New York Ceza İnfaz ve Topluluk Denetim Kurumu Müdürü Daniel Martuscello, cezaevi yöneticilerine gönderdiği yazılı talimatta, cezasının bitmesine 15 ila 110 gün kalan mahkumlar için erken tahliye sürecinin başlatılmasını istedi. Bu karar, özellikle son dönemde Trump yönetiminin desteklediği verimlilik politikalarının bir sonucu olarak değerlendiriliyor.
Tahliyeler Sadece Hafif Suçluları Kapsayacak
Martuscello, kamuoyundaki güvenlik kaygılarını gidermek adına, erken tahliye kapsamında cinsel suçlar, şiddet suçları, cinayet, terör ve kundaklama gibi ağır suçlardan hüküm giymiş kişilerin bulunmayacağını net şekilde ifade etti.
Yetkililer, erken salıverilen mahkumların toplum içinde denetimli serbestlik kapsamında takip edileceğini ve kamu güvenliği açısından risk taşımadıklarını savunuyor.
Grev Kararı Cezaevi Sistemini Felç Etti
17 Şubat’ta başlayan grev, personel yetersizliği, zorunlu fazla mesai ve insanlık dışı çalışma koşullarını protesto eden cezaevi görevlilerinin çağrısıyla başlamıştı. Ancak grev, sendika onayı olmadan başlatıldığı gerekçesiyle New York Valisi Kathy Hochul tarafından yasa dışı ilan edildi. Vali, grev süresince cezaevlerinin işleyişini sürdürebilmek için Ulusal Muhafızları devreye sokmuştu.
Yetkililer, iki kez müzakere yoluyla grevi sonlandırmaya çalıştı ancak bu çabalar sonuçsuz kaldı. Son olarak 10 Mart’ta anlaşma sağlandı fakat, çağrıya rağmen görevine dönmeyen 2 binin üzerindeki memurun iş akdinin feshedildiği açıklandı.
Trump Döneminin Yansıması mı?
Uzmanlar, bu kararın, Donald Trump’ın kamu hizmetlerinde “daha az personelle daha fazla verim” politikalarının bir uzantısı olduğuna dikkat çekiyor. Özellikle Cumhuriyetçi çevreler, kamu kurumlarındaki “şişkin kadroların” azaltılması gerektiğini savunurken, bu durumun doğrudan cezaevi sisteminde test edilmeye başlandığı yorumları yapılıyor.

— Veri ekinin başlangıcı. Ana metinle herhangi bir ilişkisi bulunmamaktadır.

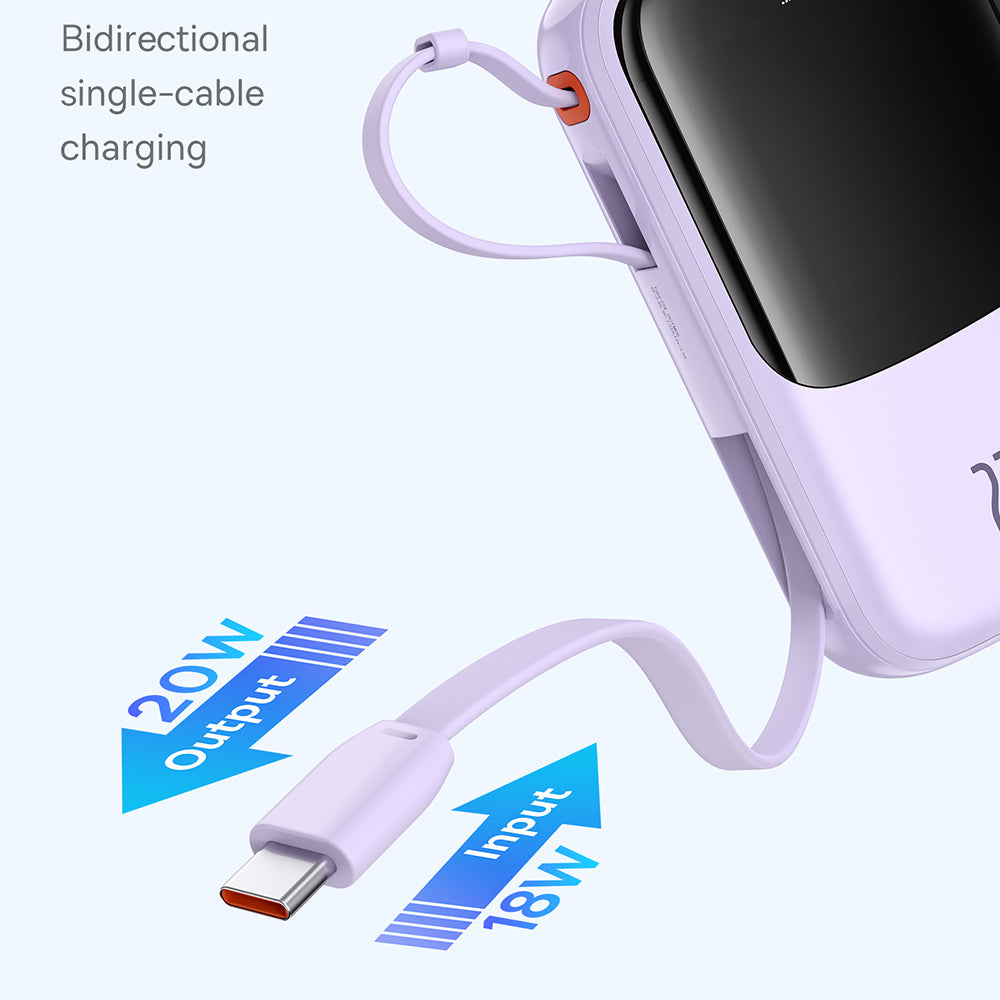 Baseus Qpow Pro+ External Battery, 10000mAh, 22.5W, QC + PD, 1 x USB-A - 2 x USB-C, Purple P10067101513-00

Ancak eleştirmenler, bu yaklaşımın adalet sisteminde güvenlik ve iş güvencesi gibi temel ilkeleri zayıflattığına işaret ediyor. Cezaevlerinde yeterli personel olmadan sürdürülen hizmetlerin mahkum haklarını ve genel güvenliği tehlikeye atabileceği uyarıları da artıyor.